Because therapeutic intensity anticoagulation is associated with an increased risk of bleeding,13 the mere increase in risk of thrombotic events does not justify in itself therapeutic anticoagulation in patients with COVID‐19. Published guidance documents based on expert opinion in the absence of completed trials are available.1., 23. These differ in their recommendations, as some suggest anticoagulants at prophylactic dose in patients with COVID‐19 while awaiting more definitive data from ongoing randomized controlled trials,1., 14., 15., 16., 17., 18., 19. and others suggest anticoagulants at intermediate or therapeutic doses in high‐risk patients with COVID‐19.20., 21., 22., 23. Despite these differences, experts agree on the urgent need for high‐quality data from adequately powered randomized controlled trials to guide the optimal dose of anticoagulation in patients with COVID‐19.
In response to the urgent need for studies evaluating efficacy and safety of interventions for COVID‐19 patients, clinical studies have been designed, registered, and funded at an unprecedented rate. As of June 17, 2020, the World Health Organization's International Clinical Trials Registry Platform (WHO ICTRP) includes 3591 study protocols related to COVID‐19. Several studies have not yet started enrolling or have enrolled only a few participants. Trials which aim to answer a similar question or evaluate interventions in the same population may compete for eligible patients and study sites.
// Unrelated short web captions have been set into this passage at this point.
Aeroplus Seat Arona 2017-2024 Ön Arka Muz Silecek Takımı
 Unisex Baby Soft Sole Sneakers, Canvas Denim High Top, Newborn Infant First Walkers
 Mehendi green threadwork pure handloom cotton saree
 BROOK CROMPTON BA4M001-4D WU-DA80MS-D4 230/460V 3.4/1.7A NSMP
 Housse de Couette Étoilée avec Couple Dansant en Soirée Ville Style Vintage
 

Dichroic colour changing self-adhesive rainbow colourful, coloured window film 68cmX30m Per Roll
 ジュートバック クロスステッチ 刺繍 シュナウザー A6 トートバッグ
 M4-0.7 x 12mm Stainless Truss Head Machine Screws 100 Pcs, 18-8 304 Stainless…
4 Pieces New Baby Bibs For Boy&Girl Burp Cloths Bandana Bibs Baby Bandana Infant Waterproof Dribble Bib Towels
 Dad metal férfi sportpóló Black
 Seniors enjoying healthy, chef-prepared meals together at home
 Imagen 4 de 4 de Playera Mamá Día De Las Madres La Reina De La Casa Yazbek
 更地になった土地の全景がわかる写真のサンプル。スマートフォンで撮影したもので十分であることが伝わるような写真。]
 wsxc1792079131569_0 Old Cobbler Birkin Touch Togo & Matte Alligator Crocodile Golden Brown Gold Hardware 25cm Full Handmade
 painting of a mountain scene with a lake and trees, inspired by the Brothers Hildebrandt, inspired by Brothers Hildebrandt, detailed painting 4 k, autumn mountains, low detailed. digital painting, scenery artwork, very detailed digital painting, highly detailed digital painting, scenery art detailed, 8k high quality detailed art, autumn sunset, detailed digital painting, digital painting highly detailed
This can lead to delays in trial completion or even failure to accrue the required sample size.24 Therefore, collaborative efforts, such as an individual patient data meta‐analysis, merging two or more trials into one or opening new study sites in regions with rising COVID‐19 rates, may become necessary to answer the most pressing questions related to the clinical management of patients with COVID‐19.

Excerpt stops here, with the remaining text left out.